A farmer at the diner showed me and the boys a photo from a trip wire camera he mounted along his fence line. A full grown mountain lion, its eyes red from the camera flash, stared at us.

“A person would have to be a fiend from hell, to shoot that beautiful animal,” Layton said.

That noise you hear is the fiends from hell who live around here locking and loading their semiautomatic rifles and Uzis.

Genehouse is less than five miles from all of the animals mentioned above. I have seen the bobcat early of a morning, bathing itself with its right leg raised over its head. Coyotes regularly walk across the yard. And there are the footprints in the soft earth, the paws as large as the palm of my hand. Is this the return of the wild?

“They’re all guys,” the conservation officer said. “There aren’t enough girls to go around, down in the Ozarks. So the bachelor bears roam north and south. There are no girls here.”

And there are the several black wolves, all males, which the Illinois Department of Natural Resources staff is tracking, less than two miles east along the bluffs. Another wolf shot near Peoria had DNA from a Northern Wisconsin wolf pack.

Good news! So how do we explain the 69% of wild animals across the planet which have been eradicated in the last decade, by bullets, climate change, poison, overcrowding? But let’s not have negative thinking, we who did the eradicating.

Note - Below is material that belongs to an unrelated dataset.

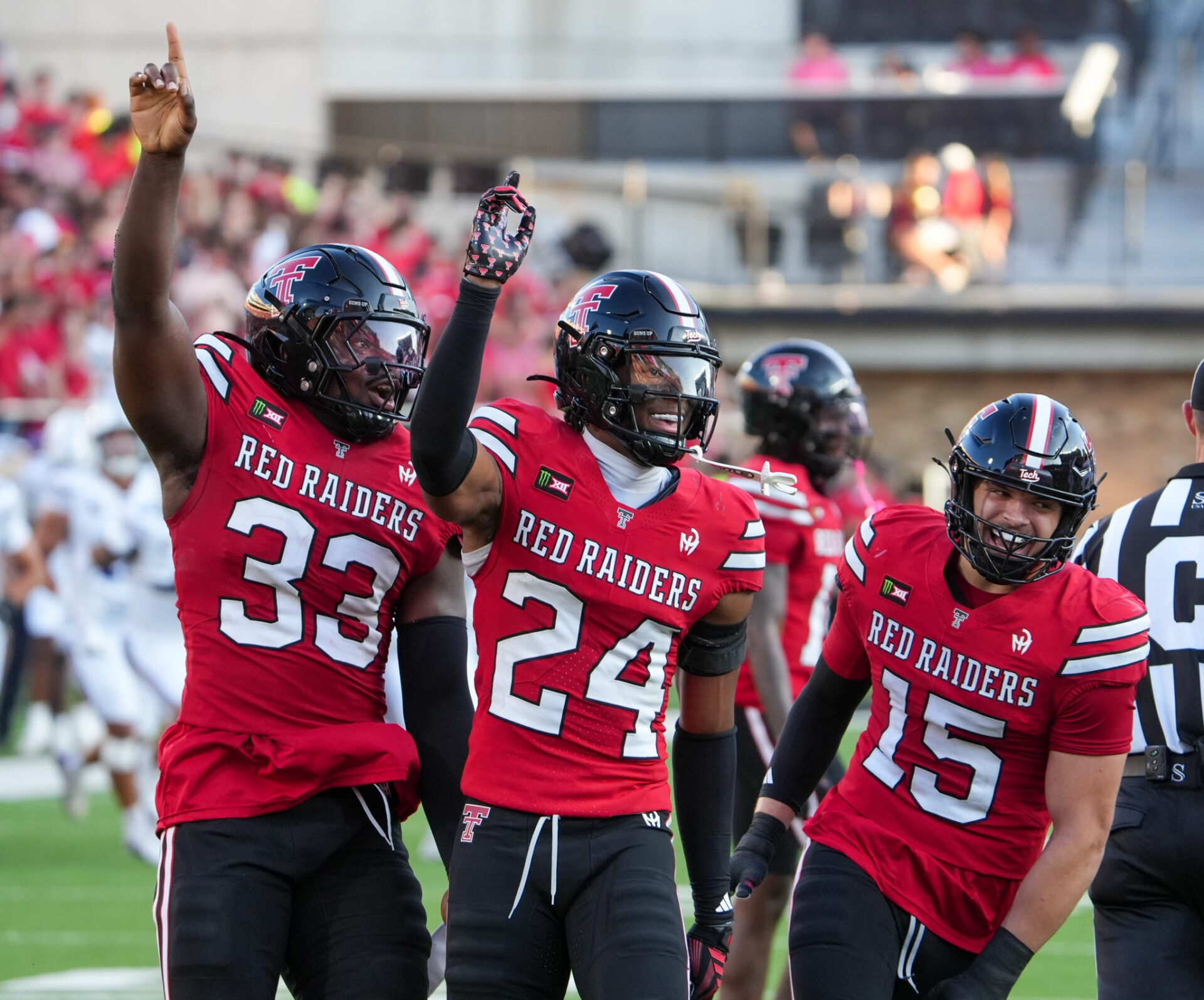 Texas Tech defenders Ansel Nedore (33), Malik Esquerra (24) and Austin Romaine react to a stop against Abilene Christian during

99% of monarch butterflies have been wiped out because of a word: “weed.” Milkweed, a tallgrass prairie plant, is the only food monarchs eat, and thanks to Monsanto’s Roundup, milkweed is mostly eradicated. And there is curly-top gumweed, pigweed, soapweed, ragweed, swamp smartweed, sumpweed—the list is endless.

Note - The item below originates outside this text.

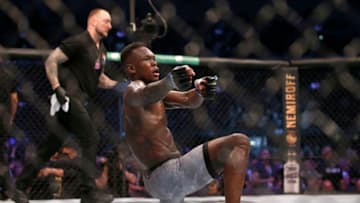 MELBOURNE, AUSTRALIA - OCTOBER 06: Israel Adesanya celebrates his victory over Robert Whittaker between in their Middleweight title bout during UFC 243 at Marvel Stadium on October 06, 2019 in Melbourne, Australia. (Photo by Darrian Traynor/Getty Images)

“Pigweed”: Ick. “Amaranth”: Exotic. They are one and the same. Where did this weed suffix come from? Germany. German immigrants (my people the Millers among them) came to the Midwest, took a look around and said, “Weeds. Nein.” In fact, all of the above “weeds” are edible and medicinal prairie plants with intricate root systems. Had the German farmers simply harvested the perennial prairie, they could have made the most nutritious bread ever known. Instead, they plowed and sewed wheat. And declared war on weeds.

The morphing of wolves into dogs is the best known evidence of fast evolution. Wolves became dogs in a single generation, 7,000 years ago, when bands of Archaic Indians roamed the New World. With the Archaic people, came garbage dumps. With garbage dumps, came wolves which stopped hunting and learned to “shake hands” and “roll over.”

Bad luck: that thing about there not being enough girl bears and wolves and mountain lions to go around. Or: human expansion is driving out those creatures. Thank god we were made in God’s image (if you believe the patriarchal, misogynistic writers of that hate tome the Old Testament). It is a bad time to be a bear.

Will those thriving-on-human-garbage bears and mountain lions and bobcats and wolves evolve into domestic animals? We had better hope so.

Otherwise, they’ll eat the baby.

About Eugene Jones Baldwin

I am a writer: non-fiction, fiction, journalism (Alton Telegraph), essays (The Genehouse Chronicles) and have a website: eugenebaldwin.com. I've published a couple dozen short stories and had eleven plays produced. Current projects: "Brother of the Stones" (available on Kindle), a book of short stories; "The Faithful Husband of the Rain, short stories"; "A Black Soldier's Letters Home, WWII,;" "There is No Color in Justice," a commentary on racism; "Ratkillers," a new play. I am an avocational archaeologist and I take parts of my collection of several thousand Indian artifacts (personal finds) to schools, nature centers, libraries etc. and talk about the 20,000 year history of The First people in Illinois. (See link to website) I'm also a playwright (eleven plays produced), musician, historian (authority on the Underground Railroad in Illinois, the Tuskegee Airmen) and teacher.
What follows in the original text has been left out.